Open Access News

News from the open access movement


Sunday, May 25, 2008

Green OA and open data

On Thursday, Peter Murray-Rust posted some thoughts on open data in chemistry.  When I blogged them, I added this comment:

I follow and agree with all of this, with one exception:  [PMR said,] "Green Open Access is irrelevant to Open Data (I think it makes it harder, others disagree)."  I don't understand the claim or the argument, but I  imagine we'll hear more in time.... 

Today Peter responded to my comment in a blog post.  (Thanks, Peter.)  Excerpt:

Green Open Access describes a process - primarily of an author self-archiving her “paper” to an Institutional repository or their own web page. There are mechanisms for indexing repositories....

Green Open Access results in the full-text (versions may vary) of a paper being publicly visible, indefinitely, without price barriers. There are no default permissions - Green does not per se remove any permission barriers. In particular GOA does not actively support the extraction of data (of course an author may be permitted by some publishers to allow data extraction)....

GreenOA does not, in general, say anything about copyright or licences. The paper may or may not carry a publisher’s copyright, an author’s copyright and (frequently) none. There is almost never a formal licence. There is almost always no formal statement of policy for re-use....

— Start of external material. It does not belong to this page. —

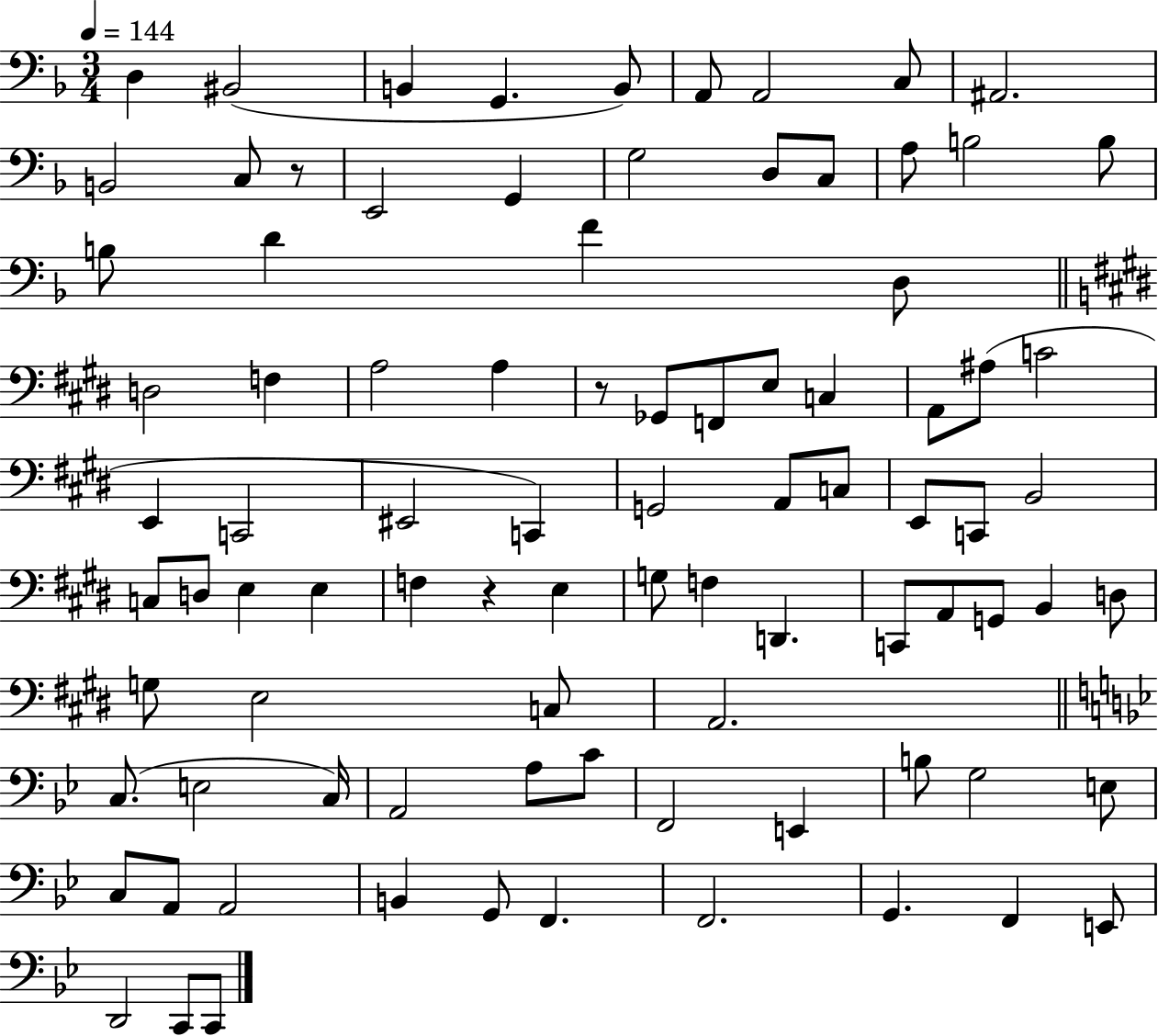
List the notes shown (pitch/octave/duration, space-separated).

D3/q BIS2/h B2/q G2/q. B2/e A2/e A2/h C3/e A#2/h. B2/h C3/e R/e E2/h G2/q G3/h D3/e C3/e A3/e B3/h B3/e B3/e D4/q F4/q D3/e D3/h F3/q A3/h A3/q R/e Gb2/e F2/e E3/e C3/q A2/e A#3/e C4/h E2/q C2/h EIS2/h C2/q G2/h A2/e C3/e E2/e C2/e B2/h C3/e D3/e E3/q E3/q F3/q R/q E3/q G3/e F3/q D2/q. C2/e A2/e G2/e B2/q D3/e G3/e E3/h C3/e A2/h. C3/e. E3/h C3/s A2/h A3/e C4/e F2/h E2/q B3/e G3/h E3/e C3/e A2/e A2/h B2/q G2/e F2/q. F2/h. G2/q. F2/q E2/e D2/h C2/e C2/e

There is no explicit mention in the GreenOA upload model for items other than the “full-text”. The repositories may provide such support but - at least in the early days - the focus was completely on full-text only....

I hope we can all agree on these and I’ll start making my argument here....

So by default GreenOA items are designed to be human-visible but without any support for Data, in any of upload, legal access and technical access. The primary goal of Stevan Harnad - expressed frequently to me and others - is that we should strive for 100% GOA compliance and that discussions on Open Data, licences and other matters are a distraction and are harmful to the GOA process. I suspect that many other do not take such a strong position. However if Open Data is irrelevant or inimical to GOA then it is hard to see GOA as supportive of Open Data.

However my main argument is that lack of support for Open Data in GOA is potentially harmful to the Open Data movement. Let’s assume that Stevan’s approach succeeds and we get 100% of papers in repositories through University mandates, funders et. al. (I’ll exclude chemistry from the argument). GOA will encourage the deposition of full-text only.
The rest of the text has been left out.